By Trent Gardner, MTI Contributor
In 2015, I started working a position that required 24/7 coverage. To ensure a fair distribution of the downsides of late-night work, my organization implemented a rotating shift pattern, requiring an 8 hours shift in sleep schedule every six weeks. Unsurprisingly, this continuous cycling led to a chronic disruption of my Circadian rhythm. I would struggle to fall asleep at any time, tossing and turning until it was time to get up. I would struggle through the day, buoyed by caffeine. This would repeat night after night until I was so tired that I could fall asleep anywhere. The consequences of this on my mental and physical health were obvious. I continued to train, and set lofty goals to meet. But I struggled physically with slow recovery, and high injury rates. More importantly, I struggled to consistently execute the training and diet regimes that were needed to meet my goals. The mental fatigue created by sleep disruption left me short of the willpower to execute an intense training regime, and short of the energy to cook healthy food for myself that I would actually eat. Learning how to structure my training around these challenging facts was key to maintaining physical fitness while avoiding burnout.
Sleep Disruptions for Tactical Athletes
Most tactical and law enforcement positions feature a less severe version of this shift work. The individual is subject to constantly varying wake-up times, usually with significant and highly active nighttime operations. Additionally, maintaining physical fitness is a demand rarely met with resources, forcing the member to scrounge for time (and energy) to maintain their readiness. All of these factors contribute to Circadian rhythm disruption and chronic fatigue, enhance decision fatigue, and reduce the ability to train.
Circadian Rhythm Disruption, Physical Exhaustion, and “Decision Fatigue”

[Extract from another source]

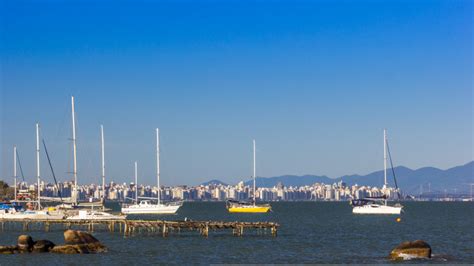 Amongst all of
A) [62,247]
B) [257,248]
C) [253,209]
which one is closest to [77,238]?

What is Circadian Rhythm disruption? It is the alteration of your natural sleep cycle as your body works to cope with the long-term demands of your work. Importantly, it is the shifting of your body’s natural sleeping clock into a time and regime unsuitable for the demands of your work. If your Circadian rhythm keeps you up till 0200, and you have a showtime of 0430, you will constantly fight your body’s natural instincts. Consequently, you fail to get enough sleep, and even the time you spend asleep is poor quality. This swiftly contributes to a high level of chronic and mental fatigue. On the most obvious level, this contributes to a persistent decline in physical performance. It’s not uncommon for individuals in this situation to see significant declines in physical strength and aerobic capability, paired with increased injury risk. But more insidiously, it saps your mental energy, with significantly greater consequences  . This decrease in mental energy increases your susceptibility to “decision fatigue”, where the act of making decisions causes a subsequent decrease in decision making ability .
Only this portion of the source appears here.